‘A failure of communication’: Haredi Jews at the epicenter of Israel’s coronavirus outbreak

Contrary to popular opinion, Israel's ultra-Orthodox community was not trying to flout coronavirus directives. The government, including its Haredi health minister, effectively abandoned it. An interview with journalist Eli Bitan.

Confirmed cases of the novel coronavirus have been soaring in ultra-Orthodox Jewish communities around the world, most of all in Brooklyn neighborhoods in New York City and in Israel. The Israeli city of Bnei Brak, east of Tel Aviv, has become an epicenter of COVID-19 in the country, with some estimates that 40 percent of the city’s nearly 200,000 residents have been infected.

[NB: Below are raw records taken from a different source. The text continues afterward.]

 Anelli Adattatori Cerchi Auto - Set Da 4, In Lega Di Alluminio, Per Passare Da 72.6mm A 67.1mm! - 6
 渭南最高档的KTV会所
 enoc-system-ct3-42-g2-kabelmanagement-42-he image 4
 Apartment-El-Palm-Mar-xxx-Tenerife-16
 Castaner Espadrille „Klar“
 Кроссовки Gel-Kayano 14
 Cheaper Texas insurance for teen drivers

Israel’s 71-year-old Health Minister Yaakov Litzman, himself Haredi, tested positive last week for coronavirus along with his wife Chava. Litzman reportedly violated his ministry’s own guidelines and attended group prayer services last week, endangering his fellow community members and government officials.

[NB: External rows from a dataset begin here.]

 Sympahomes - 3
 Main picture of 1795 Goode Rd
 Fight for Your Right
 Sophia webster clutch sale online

There are one million Haredim in Israel — over 10 percent of the population — but they currently account for as much as 60 percent of Israel’s COVID-19 cases in major hospitals. In total thus far, nearly 8,000 Israelis have tested positive and 44 people have died.

The Israeli media has been dominated with headlines about an impending humanitarian disaster in Haredi communities. The main picture being painted is that the Haredim are deliberately flouting government directives and continuing with their lifestyles as if nothing is happening. Several videos of Haredi children coughing on and cursing at police has generated further negative stigma of Haredim, even as they brace for more sickness and deaths.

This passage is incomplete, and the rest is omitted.